The churchyard at Kinfauns stands on the northern slopes of the valley of the River Tay just over three miles east of the centre of Perth. In modern times the dual carriageway A90 has displaced the River Tay as the most obvious feature in the valley below, and it is worth remembering that for most of the 600 years that a church has stood on this hillside, this would have been a very much quieter place than it is today.
You reach the churchyard by a minor road north of the A90. Don't try to park near the first, eastern, gate you come to. Instead carry on past a couple more cottages until you reach the parking area once used by the congregation of the imposing, though now disused and boarded up, parish church. This was built in 1870 to a design by the architect Andrew Heiton: it's not clear when it fell out of use.

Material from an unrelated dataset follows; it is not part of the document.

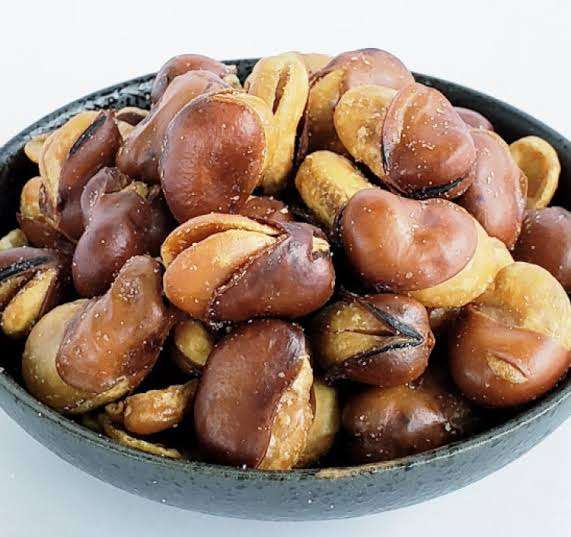 おばあちゃんの家にあったお菓子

The "new" 1870 church stands in a western extension of an existing churchyard. This surrounded an earlier church, apparently built in the 1400s and remodelled after the Reformation. Today the old church survives as an oblong shape largely covered in ivy and occupied by bushes striving to become trees. The vegetation obscures any remaining detail of the building itself, especially during summer.
Surviving rather better is the Charteris Aisle. This was built in 1598 as a southern aisle on the old church. It would originally have opened out into the body of the church through an arch and provided exclusive seating for the Charteris family of Kinfauns during services, and a place for them to be buried. When the old church was unroofed, presumably after the opening of the new church in 1870, the arch was filled in, turning the Charteris Aisle into the enclosed, nearly square, building you see today. Panels inside the aisle carry eroded crests of the Charteris and Chisholm families.

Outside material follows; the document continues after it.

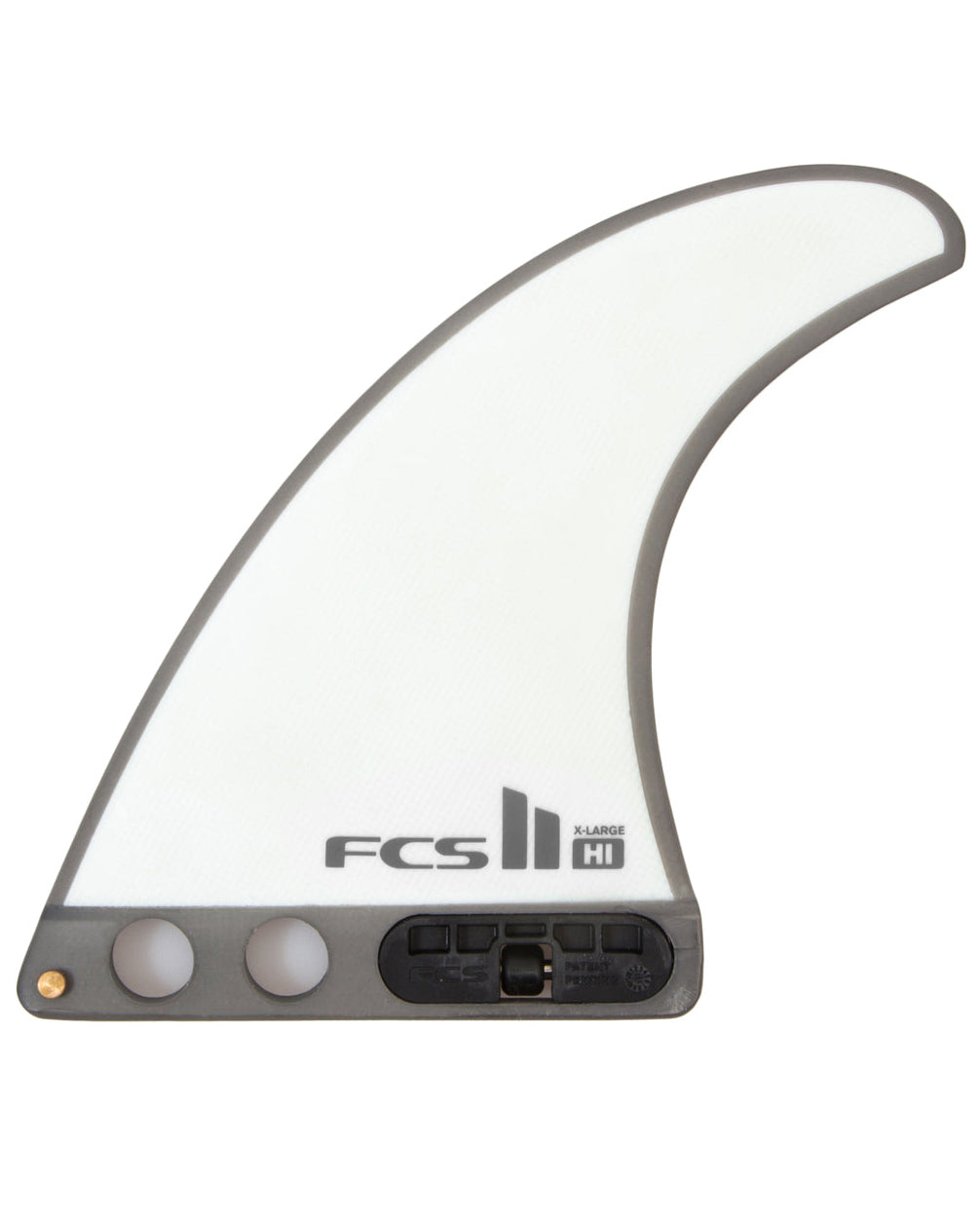 FCS II Harley Longboard Tri Set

Next to the east gate of the churchyard is a watchhouse, built at the start of the 1800s to help protect newly interred corpses from graverobbers. The only other building in the churchyard is a mausoleum built in 1877 against the north wall by the Lowson family of Balthayock.
Kinfauns Churchyard is home to an interesting collection of gravestones dating from the 1700s. Many of the best can be found to the south of the old church. They include an Adam and Eve gravestone dated 1782 (and so named because it carries a depiction of the Biblical story). There is also a superb gravestone of a fisherman nearby. This carries carvings of a boat and oars, and of two fish, one in the bottom of the boat and another above it. Another stone, in memory of "WS", carries images associated with the weaving trade, including a loom and a shuttle.
Near the north wall of the later part of the churchyard is a rare surviving example of an immortelle, a complex china figure standing on the grave incorporating figures, foliage and birds, covered by a glass dome and protected by a wire outer cover. Extremely fragile, these date back to the Victorian era and very few now survive intact.